Un attaquant assez fort et assez résolu pour rechercher les grandes solutions trouvera donc certainement son compte à joindre le défenseur dans les montagnes.

Mais, nous l’avons déjà dit et devons encore le répéter, l’opinion que nous émettons ici a toutes les apparences contre elle, et, au premier aspect, l’expérience semble la contredire. Jusqu’ici en effet, et dans la plupart des invasions, on a vu les armées attaquantes, qu’elles recherchassent ou non les grandes solutions, regarder comme une chose extraordinairement favorable de devancer le défenseur dans les zones montagneuses qu’elles avaient à traverser. Cela ne prouve rien contre notre raisonnement, et nous reconnaissons qu’en pareil cas l’intérêt de l’attaque est de devancer son adversaire sur ces points importants. Ici cependant il faut faire une distinction.

Lorsque, marchant à la rencontre de l’ennemi pour lui livrer une bataille générale, une armée envahissante doit franchir une zone montagneuse qu’elle sait ne pas être occupée par le défenseur, elle a néanmoins toujours à craindre qu’au dernier moment celui-ci ne lui dispute les défilés par lesquels elle devra passer. En pareil cas, l’attaque ne saurait compter sur l’efficacité habituelle de son action contre les positions prises par son adversaire en terrain montagneux. Le défenseur, en effet, n’a pas ici à éparpiller ses forces comme dans la défense générale d’une montagne, car les défilés à défendre lui sont indiqués d’avance par les directions que suivent les colonnes de l’attaque, directions que cette dernière est obligée de leur donner sans avoir elle-même, par contre, aucune indication préalable des dispositions de son adversaire. Dans ces conditions, l’attaquant peut trouver le défenseur dans une position inattaquable, et, par suite, les avantages que dans le livre de la défensive nous avons reconnus être du côté du premier passent alors du côté du second. Cependant quand on réfléchit aux difficultés que rencontrera toujours le défenseur à s’organiser au dernier moment sur une bonne position, alors surtout qu’il l’aura jusque-là laissée inoccupée, il faut reconnaître que ce procédé défensif ne peut être que très insuffisant et que le danger dont il menace l’attaque est des plus problématiques. Mais comme, quelque invraisemblable qu’il soit, le cas peut néanmoins se présenter, il convient d’en tenir compte, car à la guerre les événements justifient souvent des précautions qui paraissent tout d’abord passablement inutiles.

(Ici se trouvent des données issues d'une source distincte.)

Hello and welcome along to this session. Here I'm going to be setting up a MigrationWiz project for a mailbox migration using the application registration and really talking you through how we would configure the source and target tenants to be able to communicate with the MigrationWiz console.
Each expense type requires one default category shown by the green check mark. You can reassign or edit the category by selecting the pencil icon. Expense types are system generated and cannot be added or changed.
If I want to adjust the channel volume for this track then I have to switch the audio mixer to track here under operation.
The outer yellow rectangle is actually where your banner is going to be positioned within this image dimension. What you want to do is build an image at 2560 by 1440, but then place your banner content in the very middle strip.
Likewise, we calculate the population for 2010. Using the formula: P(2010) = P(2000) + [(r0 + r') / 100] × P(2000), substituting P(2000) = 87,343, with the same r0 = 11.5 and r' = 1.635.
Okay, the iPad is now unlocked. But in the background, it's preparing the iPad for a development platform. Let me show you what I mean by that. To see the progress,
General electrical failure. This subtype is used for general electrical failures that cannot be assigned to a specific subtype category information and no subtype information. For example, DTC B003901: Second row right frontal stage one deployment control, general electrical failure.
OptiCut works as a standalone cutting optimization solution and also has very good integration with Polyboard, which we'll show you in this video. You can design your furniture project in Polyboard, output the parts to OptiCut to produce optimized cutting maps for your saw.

Il peut aussi se faire que, n’ayant l’intention de s’y maintenir que pendant un certain temps, le défenseur se contente de placer dans la montagne une avant-garde ou une chaîne de postes avancés. Ce procédé ne saurait lui être très avantageux ; mais l’attaquant n’étant pas dans la confidence doit agir ici comme si la défense devait se prolonger.

Nous reconnaissons, d’ailleurs, que le caractère d’un terrain montagneux peut contribuer à rendre certaines positions inattaquables, mais c’est surtout en dehors des montagnes proprement dites que l’on rencontre ce genre de positions — Pirna, Schmottseifen, Meissen, Feldkirch, — et c’est précisément ce qui les rend plus fortes. On en peut trouver aussi dans les montagnes, — sur les hauts plateaux particulièrement, — dans lesquelles le défenseur ne serait plus soumis aux désavantages habituels des positions défensives en terrain montagneux, mais ce sont là des cas si rares que la théorie n’en peut parler que comme de véritables exceptions.

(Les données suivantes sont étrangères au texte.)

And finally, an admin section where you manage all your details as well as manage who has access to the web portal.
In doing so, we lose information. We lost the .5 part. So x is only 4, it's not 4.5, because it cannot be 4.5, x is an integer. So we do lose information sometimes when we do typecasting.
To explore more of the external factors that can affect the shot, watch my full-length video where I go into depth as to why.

L’histoire des guerres montre combien les montagnes favorisent peu l’action décisive de la défense. On y voit sans cesse les grands généraux quitter les hauteurs pour se porter dans la plaine dès qu’il s’agit d’une bataille générale. C’est uniquement dans les guerres de la Révolution en 1793 et 1794 dans les Vosges, et en 1795, 1796 et 1797 en Italie que l’on rencontre — manifestement par fausse analogie et par fausse application du principe — des exemples de recherche de solution dans lesquels le défenseur a pris position dans les montagnes. Tout le monde a blâmé Mélas de n’avoir pas occupé les passages des Alpes en 1800, mais cette critique ne repose que sur les apparences, elle est aussi puérile qu’irréfléchie, et, si Bonaparte se fût trouvé à la place de Mélas, il eût certainement agi de la même manière.

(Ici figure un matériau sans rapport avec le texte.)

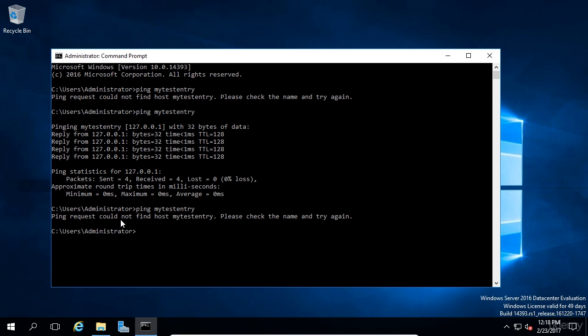Now an important fact for you to keep in mind is that the host file only affects the local computer and it has no effect on other computers on the network. So if you created a MyTestEntry on one computer and went to another computer and tried to ping MyTestEntry, it would not be able to find it. Each computer only looks at its own host file and not on any other computer's host file.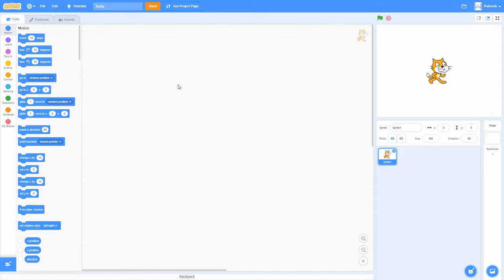Hey YouTube. I wanted to try making a Tetris game in Scratch and create a little tutorial to go along with it. So we're going to build this Tetris game together, and it's going to take a couple of videos. But today we want to start out by drawing a Tetris grid onto the Scratch screen.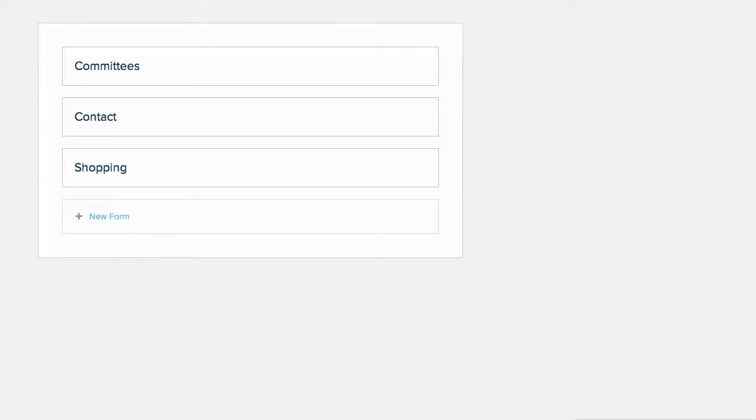There are several different ways to utilize the Donations form on your website. All of them are done through the Forms, Carts, Donations feature. So let's start there and click on New Form.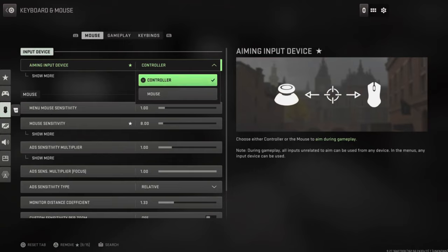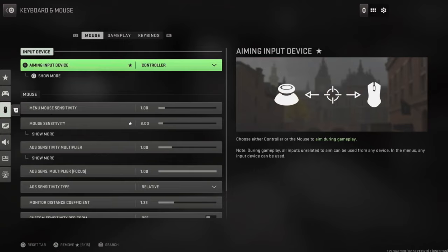So make sure you come to this section right here and change it over before you launch the game. When you get into the game, this will be locked.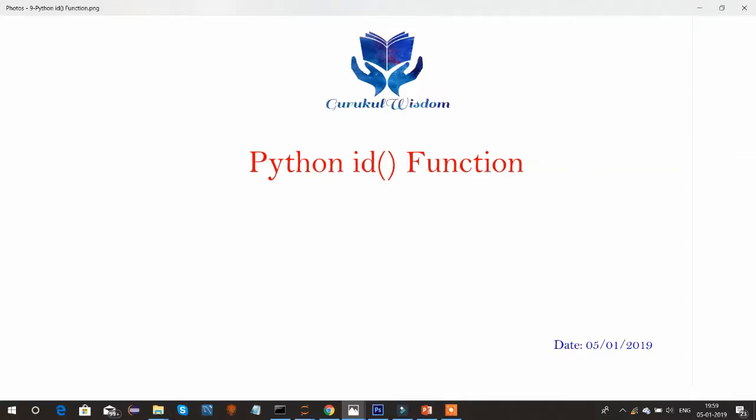Hi friends, this is Subrat here, and this is the ninth video on my Python series. In this video, I will be covering the Python ID function.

L’organisation d’une attaque de montagne ressortissant presque uniquement à la tactique, nous nous bornerons à indiquer ici les quelques points par lesquels elle se rattache à la stratégie :

1o  Dans les montagnes il faut habituellement se prolonger par d’interminables défilés, et l’on ne peut pas, comme en terrain ordinaire, dévier de la route suivie ou répartir la masse des troupes en deux ou trois colonnes selon les besoins du moment. Il faut donc généralement n’y pénétrer que par plusieurs routes ou, mieux encore, sur un front un peu plus large.

2o  Contre une ligne de défense très étendue l’attaque doit naturellement opérer avec toutes ses forces concentrées. Comme on ne saurait dès lors songer à exécuter un mouvement d’enveloppement général, pour obtenir un succès décisif il faut attaquer directement la ligne, la couper et la séparer de ses ailes. En pareil cas l’attaquant est naturellement porté à menacer promptement et sans interruption la principale ligne de retraite du défenseur.

3o  Si, par contre, le défenseur a pris une position plus concentrée, l’attaque doit surtout recourir aux mouvements tournants, parce que, sur le front, elle se heurterait aux points les plus forts et les mieux défendus. Comme tout à l’heure, cependant, il faut encore ici plutôt tendre à couper l’ennemi qu’à l’attaquer tactiquement sur ses côtés ou sur ses derrières, car, dans les montagnes et sur ces points mêmes, une position suffisamment garnie de défenseurs peut encore opposer une résistance considérable. Dans ces conditions, ce qui peut le plus promptement assurer le succès de l’attaque c’est d’inspirer à l’ennemi la crainte d’être coupé de sa ligne de retraite. Or cette crainte se produit plus vite ici qu’en terrain ordinaire et agit plus vigoureusement sur l’esprit du défenseur, par la raison que, le cas échéant, il lui est plus difficile de s’ouvrir un chemin de vive force. Une simple démonstration ne saurait cependant suffire, car, lors même qu’elle inquiéterait assez le défenseur pour le porter à abandonner la position, elle ne produirait du moins aucun résultat considérable. Il s’agit donc réellement de couper l’ennemi de sa ligne de retraite.